# es grünt und blüht...



## Vera44 (25. Mai 2012)

Hi!

Die Clematis in blau blüht wunderschön. Dahinter die Guave, mit noch wenigen Blättern aber dafür um so mehr Blüten. Genau wie die gefüllte Azalee... Der Sommer kommt!


----------



## Eva-Maria (25. Mai 2012)

*AW: es grünt und blüht...*

Hi Vera,
alle 3 gefallen mir ausnehmend gut.
Mein Favorit ist aber doch die blaue Clemi... wie heißt sie.. zufällig "Multi Blue"?


----------



## Vera44 (25. Mai 2012)

*AW: es grünt und blüht...*

Hallo Eva Maria!

Ja als solche habe ich sie gekauft. Sollte also so sein.

LG


----------



## Moonlight (26. Mai 2012)

*AW: es grünt und blüht...*

Ich hab auch einige Blüten. 
Sind dieses Jahr leider nicht viele.
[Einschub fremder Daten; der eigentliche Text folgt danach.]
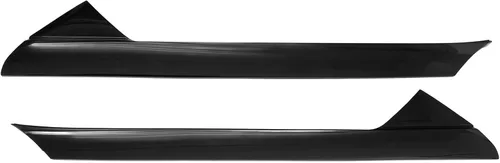 Vista 5 de Moldura de parabrisas A-Pillar apto para Ford Explorer 11-19 BB5Z7803136AA Front Outer Left Driver & Right Passenger Cover, Window Trim Moulding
Ich denke mal das liegt daran, dass ich den Garten dieses Jahr nicht wirklich pflege ... das Unkraut ist stellenweise höher als die Blumen  aber man muß eben Prioritäten setzen ...

    

    

 

Ich liebe __ Pfingstrosen ... die duften einfach göttlich ...

Mandy


----------